### Work to be completed
Only one stretch of the records below is wanted: the lines from the one holding "Ver imagem 1" through the one holding "Mosaik flise, Farve". Return it exactly, both ends included.

--- Study material Enclosed Below ---

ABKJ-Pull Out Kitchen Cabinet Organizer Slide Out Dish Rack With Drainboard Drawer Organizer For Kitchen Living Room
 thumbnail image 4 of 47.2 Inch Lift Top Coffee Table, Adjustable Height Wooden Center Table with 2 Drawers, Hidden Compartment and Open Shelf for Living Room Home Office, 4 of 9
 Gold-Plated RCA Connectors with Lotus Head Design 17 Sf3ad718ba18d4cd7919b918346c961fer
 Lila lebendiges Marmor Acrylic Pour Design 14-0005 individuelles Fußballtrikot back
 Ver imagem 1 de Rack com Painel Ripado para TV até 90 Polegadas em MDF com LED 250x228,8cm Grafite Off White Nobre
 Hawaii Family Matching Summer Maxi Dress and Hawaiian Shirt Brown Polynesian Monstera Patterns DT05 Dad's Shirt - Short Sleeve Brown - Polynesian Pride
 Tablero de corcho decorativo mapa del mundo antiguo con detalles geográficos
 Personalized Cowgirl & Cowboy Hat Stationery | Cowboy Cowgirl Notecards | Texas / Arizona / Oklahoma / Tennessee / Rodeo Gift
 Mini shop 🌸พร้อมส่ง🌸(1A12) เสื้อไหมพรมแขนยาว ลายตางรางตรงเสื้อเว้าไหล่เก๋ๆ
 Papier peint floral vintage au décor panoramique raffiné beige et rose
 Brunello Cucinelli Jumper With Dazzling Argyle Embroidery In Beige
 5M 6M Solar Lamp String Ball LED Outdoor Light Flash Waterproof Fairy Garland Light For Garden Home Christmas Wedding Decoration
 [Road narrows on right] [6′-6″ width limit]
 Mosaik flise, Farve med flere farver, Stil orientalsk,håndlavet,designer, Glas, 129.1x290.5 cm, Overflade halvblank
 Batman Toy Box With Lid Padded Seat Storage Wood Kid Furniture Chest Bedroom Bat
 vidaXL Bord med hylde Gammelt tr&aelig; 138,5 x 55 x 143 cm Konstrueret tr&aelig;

--- End of Enclosed Study material ---

### Response
 Ver imagem 1 de Rack com Painel Ripado para TV até 90 Polegadas em MDF com LED 250x228,8cm Grafite Off White Nobre
 Hawaii Family Matching Summer Maxi Dress and Hawaiian Shirt Brown Polynesian Monstera Patterns DT05 Dad's Shirt - Short Sleeve Brown - Polynesian Pride
 Tablero de corcho decorativo mapa del mundo antiguo con detalles geográficos
 Personalized Cowgirl & Cowboy Hat Stationery | Cowboy Cowgirl Notecards | Texas / Arizona / Oklahoma / Tennessee / Rodeo Gift
 Mini shop 🌸พร้อมส่ง🌸(1A12) เสื้อไหมพรมแขนยาว ลายตางรางตรงเสื้อเว้าไหล่เก๋ๆ
 Papier peint floral vintage au décor panoramique raffiné beige et rose
 Brunello Cucinelli Jumper With Dazzling Argyle Embroidery In Beige
 5M 6M Solar Lamp String Ball LED Outdoor Light Flash Waterproof Fairy Garland Light For Garden Home Christmas Wedding Decoration
 [Road narrows on right] [6′-6″ width limit]
 Mosaik flise, Farve med flere farver, Stil orientalsk,håndlavet,designer, Glas, 129.1x290.5 cm, Overflade halvblank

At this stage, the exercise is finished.